A Thai princess and her entourage sweep through the glass-atrium foyer of Time Kaan, past tall cabinets stuffed to the ceiling with antique tomes and recipe books, to take a seat for dinner. Dutiful waiters are lined up against the wall waiting to be called forward, and the mingled fragrance of cinnamon, pepper and coconut drifts from the kitchen. A flash-happy photographer buzzes around the dining room, capturing the royal arrival, while, behind him, a large clock with golden hands counts down the minutes to the first course.

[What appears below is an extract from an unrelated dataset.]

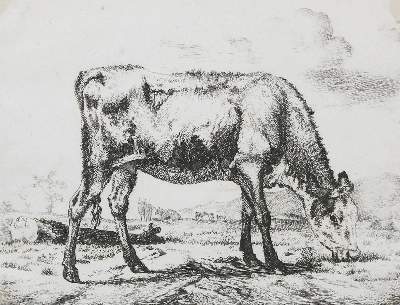 Bild Nr.1: 134-4375 Velde, Adriaen van de: (Künstlergraphik)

After opening in December 2022 in Bangkok’s Khlong Tan Nuea district, Time Kaan — its name meaning ‘according to time’ in Thai — quickly became the talk of the town. Restaurant critics have admired the subtle flavours and balanced dishes, while social media pundits have fallen in love with head chef Pornprom (Pol) Laomanutsuk’s theatrical presentation. It’s little wonder the princess has been drawn here tonight.

The signature seasonal 14-course set meal features versions of dishes that graced humble tables long before King Vajiralongkorn’s ancestors founded Bangkok in 1782, and even before the founding of the Kingdom of Sukhothai, in what’s now north-central Thailand, in 1238. Dining here promises to transport the princess back in time through the eras, conquests and dynasties that shaped Thailand, by exploring how and what Thai people ate.

When co-owner Tripradap (Pui) Wangwongwiwat greets me at my table, she is cool and composed and seems utterly unfazed by the royal spectacle that has just rolled in. It’s a demeanour she perfected over many years spent working under pressure in Michelin-starred restaurants used to receiving celebrity and millionaire diners.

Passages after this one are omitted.